* _ABOUT THIS EXERCISE_: Return the run of lines below that opens with the line containing "Shin Kidou Senki" and closes with the line containing "Село Микрево - Вертикален", keeping each one exact.

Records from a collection

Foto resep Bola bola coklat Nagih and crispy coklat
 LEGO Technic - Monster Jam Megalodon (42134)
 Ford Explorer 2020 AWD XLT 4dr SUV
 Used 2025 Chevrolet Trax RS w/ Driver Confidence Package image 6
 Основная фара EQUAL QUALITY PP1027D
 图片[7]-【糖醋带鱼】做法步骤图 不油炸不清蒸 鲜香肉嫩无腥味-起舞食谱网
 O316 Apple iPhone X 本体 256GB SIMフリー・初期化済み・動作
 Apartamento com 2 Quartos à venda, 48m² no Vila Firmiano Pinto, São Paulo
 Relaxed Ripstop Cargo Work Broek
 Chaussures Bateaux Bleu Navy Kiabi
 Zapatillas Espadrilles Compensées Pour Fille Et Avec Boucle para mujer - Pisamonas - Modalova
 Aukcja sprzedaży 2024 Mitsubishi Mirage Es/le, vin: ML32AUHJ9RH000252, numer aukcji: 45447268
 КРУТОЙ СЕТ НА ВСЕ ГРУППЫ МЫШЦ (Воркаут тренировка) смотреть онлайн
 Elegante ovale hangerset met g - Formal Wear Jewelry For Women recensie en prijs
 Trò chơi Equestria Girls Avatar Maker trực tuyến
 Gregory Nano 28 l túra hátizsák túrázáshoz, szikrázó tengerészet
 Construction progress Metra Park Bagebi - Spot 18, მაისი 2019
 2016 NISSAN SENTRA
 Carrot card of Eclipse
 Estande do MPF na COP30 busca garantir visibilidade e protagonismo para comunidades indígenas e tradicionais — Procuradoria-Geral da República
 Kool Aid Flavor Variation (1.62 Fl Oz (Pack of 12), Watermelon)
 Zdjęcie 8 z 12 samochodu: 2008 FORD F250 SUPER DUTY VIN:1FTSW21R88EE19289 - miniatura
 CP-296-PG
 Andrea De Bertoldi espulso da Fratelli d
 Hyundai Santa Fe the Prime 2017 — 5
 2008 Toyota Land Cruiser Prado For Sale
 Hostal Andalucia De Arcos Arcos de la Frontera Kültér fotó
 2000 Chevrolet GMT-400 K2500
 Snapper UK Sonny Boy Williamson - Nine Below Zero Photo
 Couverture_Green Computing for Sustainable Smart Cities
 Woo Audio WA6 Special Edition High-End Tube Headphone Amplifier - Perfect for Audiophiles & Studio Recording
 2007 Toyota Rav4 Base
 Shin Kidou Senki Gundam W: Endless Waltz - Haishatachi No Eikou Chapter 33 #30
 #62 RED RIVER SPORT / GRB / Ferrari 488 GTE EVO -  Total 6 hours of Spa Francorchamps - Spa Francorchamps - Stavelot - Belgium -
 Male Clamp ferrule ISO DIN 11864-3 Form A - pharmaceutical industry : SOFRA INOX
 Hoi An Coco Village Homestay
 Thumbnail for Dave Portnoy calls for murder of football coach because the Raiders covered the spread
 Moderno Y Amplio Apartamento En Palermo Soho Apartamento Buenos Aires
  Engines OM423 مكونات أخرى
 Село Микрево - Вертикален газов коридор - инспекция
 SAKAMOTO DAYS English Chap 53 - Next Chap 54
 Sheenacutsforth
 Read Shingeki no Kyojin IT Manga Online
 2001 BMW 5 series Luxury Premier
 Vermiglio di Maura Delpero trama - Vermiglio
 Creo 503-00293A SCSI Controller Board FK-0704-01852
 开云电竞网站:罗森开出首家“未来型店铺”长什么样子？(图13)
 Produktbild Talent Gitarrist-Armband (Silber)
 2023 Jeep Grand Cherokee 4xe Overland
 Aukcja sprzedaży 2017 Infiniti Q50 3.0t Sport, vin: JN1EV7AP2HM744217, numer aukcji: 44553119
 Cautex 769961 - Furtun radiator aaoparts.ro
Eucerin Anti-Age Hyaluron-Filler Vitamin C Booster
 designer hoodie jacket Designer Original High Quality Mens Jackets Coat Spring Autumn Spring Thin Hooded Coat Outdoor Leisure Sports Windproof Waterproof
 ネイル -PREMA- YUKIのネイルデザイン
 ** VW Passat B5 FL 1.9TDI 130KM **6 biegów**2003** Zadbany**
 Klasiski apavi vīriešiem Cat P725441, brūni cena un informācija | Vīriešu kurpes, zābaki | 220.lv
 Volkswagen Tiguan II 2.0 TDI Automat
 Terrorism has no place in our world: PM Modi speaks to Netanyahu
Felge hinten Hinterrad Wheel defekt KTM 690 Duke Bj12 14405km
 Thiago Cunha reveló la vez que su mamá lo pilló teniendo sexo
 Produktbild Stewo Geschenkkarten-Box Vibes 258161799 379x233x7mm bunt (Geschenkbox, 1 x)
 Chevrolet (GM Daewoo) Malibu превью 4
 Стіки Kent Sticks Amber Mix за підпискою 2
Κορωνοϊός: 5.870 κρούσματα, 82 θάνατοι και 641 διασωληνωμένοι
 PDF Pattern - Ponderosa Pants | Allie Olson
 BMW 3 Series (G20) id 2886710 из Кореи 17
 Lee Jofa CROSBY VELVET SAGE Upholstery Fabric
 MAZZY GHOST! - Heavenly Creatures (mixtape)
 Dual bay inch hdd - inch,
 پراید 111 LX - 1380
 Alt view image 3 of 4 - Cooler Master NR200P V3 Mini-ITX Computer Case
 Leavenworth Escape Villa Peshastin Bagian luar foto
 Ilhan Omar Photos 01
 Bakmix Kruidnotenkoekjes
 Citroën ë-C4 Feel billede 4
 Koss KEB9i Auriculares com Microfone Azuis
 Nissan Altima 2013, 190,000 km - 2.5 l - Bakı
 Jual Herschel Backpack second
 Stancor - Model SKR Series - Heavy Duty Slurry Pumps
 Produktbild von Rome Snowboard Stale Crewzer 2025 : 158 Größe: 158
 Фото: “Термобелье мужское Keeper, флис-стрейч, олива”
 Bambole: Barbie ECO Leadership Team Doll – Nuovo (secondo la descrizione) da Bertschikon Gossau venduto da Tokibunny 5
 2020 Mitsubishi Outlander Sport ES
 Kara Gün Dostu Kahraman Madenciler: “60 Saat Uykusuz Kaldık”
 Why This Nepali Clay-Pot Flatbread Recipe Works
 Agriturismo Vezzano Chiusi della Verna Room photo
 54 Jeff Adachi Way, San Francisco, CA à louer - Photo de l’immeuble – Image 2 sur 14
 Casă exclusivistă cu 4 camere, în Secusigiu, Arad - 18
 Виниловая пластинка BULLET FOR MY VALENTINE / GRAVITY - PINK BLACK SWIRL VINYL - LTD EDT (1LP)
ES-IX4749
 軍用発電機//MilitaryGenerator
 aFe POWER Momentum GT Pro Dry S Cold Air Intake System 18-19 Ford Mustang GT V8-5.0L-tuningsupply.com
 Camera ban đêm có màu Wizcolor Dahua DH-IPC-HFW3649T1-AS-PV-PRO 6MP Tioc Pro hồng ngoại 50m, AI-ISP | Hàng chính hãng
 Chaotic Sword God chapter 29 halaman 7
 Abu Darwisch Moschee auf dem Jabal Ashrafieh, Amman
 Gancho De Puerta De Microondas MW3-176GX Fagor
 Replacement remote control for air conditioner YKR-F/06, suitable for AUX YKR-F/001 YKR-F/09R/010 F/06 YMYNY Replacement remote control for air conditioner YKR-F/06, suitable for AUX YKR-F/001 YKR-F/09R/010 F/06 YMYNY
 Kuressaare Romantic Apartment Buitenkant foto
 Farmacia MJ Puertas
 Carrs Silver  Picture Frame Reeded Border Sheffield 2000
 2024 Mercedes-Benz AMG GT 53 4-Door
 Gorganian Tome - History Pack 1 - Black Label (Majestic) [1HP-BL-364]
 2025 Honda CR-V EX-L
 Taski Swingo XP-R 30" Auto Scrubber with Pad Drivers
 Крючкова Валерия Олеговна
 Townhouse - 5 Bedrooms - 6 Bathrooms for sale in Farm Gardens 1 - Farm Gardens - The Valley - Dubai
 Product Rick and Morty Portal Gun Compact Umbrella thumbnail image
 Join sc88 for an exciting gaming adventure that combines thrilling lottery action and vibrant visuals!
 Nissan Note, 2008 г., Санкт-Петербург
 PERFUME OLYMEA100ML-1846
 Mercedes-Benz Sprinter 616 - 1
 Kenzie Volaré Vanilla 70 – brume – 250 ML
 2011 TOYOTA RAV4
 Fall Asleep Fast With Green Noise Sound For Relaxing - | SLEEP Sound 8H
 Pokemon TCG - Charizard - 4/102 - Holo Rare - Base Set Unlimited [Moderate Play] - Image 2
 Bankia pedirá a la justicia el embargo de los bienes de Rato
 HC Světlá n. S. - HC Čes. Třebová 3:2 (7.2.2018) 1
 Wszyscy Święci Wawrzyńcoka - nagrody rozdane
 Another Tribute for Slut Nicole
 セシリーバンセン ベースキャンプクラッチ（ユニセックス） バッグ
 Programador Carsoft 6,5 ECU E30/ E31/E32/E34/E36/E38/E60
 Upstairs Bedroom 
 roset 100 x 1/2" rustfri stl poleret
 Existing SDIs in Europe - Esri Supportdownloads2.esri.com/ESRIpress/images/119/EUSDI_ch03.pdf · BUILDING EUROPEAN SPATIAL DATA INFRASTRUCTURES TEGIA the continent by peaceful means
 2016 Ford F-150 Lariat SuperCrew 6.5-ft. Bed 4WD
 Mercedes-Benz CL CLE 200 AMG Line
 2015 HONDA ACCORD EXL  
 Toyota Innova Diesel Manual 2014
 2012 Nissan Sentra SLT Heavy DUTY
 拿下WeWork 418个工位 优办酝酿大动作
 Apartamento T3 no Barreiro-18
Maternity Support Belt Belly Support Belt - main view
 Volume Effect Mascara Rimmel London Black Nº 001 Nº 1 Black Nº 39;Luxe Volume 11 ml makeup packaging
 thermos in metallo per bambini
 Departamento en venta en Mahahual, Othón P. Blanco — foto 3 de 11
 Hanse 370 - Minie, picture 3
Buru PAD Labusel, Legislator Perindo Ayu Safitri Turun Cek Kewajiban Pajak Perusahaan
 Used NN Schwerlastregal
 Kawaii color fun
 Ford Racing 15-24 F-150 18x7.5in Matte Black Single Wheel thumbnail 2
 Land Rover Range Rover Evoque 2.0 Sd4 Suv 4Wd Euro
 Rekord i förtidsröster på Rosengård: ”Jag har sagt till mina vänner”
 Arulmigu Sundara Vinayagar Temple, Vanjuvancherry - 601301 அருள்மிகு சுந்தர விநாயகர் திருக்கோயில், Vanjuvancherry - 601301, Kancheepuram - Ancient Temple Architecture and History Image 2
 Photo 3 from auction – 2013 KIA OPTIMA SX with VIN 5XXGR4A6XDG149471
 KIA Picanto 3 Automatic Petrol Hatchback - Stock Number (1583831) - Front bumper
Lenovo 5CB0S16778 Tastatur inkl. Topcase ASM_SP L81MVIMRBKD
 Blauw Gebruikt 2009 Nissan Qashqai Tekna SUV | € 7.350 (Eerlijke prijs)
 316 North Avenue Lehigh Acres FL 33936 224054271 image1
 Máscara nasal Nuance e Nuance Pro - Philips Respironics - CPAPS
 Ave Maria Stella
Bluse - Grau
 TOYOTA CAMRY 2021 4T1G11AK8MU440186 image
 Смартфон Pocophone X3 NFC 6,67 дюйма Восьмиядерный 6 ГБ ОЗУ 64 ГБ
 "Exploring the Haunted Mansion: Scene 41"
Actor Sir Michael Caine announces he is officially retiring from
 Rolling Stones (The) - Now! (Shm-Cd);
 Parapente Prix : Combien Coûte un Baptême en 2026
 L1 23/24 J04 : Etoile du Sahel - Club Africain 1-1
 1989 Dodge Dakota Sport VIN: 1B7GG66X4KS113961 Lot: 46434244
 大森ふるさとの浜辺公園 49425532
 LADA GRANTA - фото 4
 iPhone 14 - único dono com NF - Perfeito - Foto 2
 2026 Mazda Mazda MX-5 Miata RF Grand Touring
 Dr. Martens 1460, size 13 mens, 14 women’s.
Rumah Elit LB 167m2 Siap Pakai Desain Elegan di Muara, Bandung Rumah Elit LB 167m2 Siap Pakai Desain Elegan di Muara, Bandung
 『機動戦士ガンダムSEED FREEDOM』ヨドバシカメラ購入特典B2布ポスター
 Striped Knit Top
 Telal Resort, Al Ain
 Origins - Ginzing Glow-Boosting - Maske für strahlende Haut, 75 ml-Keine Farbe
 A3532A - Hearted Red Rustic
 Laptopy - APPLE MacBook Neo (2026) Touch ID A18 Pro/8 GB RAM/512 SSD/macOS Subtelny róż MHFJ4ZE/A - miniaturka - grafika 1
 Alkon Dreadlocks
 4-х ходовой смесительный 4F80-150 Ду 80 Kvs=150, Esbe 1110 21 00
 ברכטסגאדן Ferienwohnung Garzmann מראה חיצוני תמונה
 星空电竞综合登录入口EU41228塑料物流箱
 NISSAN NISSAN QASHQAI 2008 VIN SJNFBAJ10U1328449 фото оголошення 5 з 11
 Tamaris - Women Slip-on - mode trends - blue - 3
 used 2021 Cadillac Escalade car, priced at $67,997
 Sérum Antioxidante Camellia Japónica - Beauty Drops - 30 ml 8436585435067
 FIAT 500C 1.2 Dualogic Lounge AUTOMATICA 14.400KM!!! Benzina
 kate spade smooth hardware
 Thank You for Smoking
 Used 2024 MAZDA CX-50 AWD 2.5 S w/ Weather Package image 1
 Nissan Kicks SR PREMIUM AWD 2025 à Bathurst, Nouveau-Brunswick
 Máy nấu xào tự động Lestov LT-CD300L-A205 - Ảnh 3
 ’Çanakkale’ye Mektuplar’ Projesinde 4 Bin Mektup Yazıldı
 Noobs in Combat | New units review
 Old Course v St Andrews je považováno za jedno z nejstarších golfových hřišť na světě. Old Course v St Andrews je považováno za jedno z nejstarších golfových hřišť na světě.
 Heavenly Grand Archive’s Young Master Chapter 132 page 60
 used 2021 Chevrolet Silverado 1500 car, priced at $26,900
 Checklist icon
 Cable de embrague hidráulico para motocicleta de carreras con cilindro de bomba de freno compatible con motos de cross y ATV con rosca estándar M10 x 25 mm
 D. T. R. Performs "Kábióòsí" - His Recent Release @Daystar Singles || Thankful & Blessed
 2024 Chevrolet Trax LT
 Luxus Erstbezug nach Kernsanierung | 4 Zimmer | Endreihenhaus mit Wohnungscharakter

* _REPLY_:
 Shin Kidou Senki Gundam W: Endless Waltz - Haishatachi No Eikou Chapter 33 #30
 #62 RED RIVER SPORT / GRB / Ferrari 488 GTE EVO -  Total 6 hours of Spa Francorchamps - Spa Francorchamps - Stavelot - Belgium -
 Male Clamp ferrule ISO DIN 11864-3 Form A - pharmaceutical industry : SOFRA INOX
 Hoi An Coco Village Homestay
 Thumbnail for Dave Portnoy calls for murder of football coach because the Raiders covered the spread
 Moderno Y Amplio Apartamento En Palermo Soho Apartamento Buenos Aires
  Engines OM423 مكونات أخرى
 Село Микрево - Вертикален газов коридор - инспекция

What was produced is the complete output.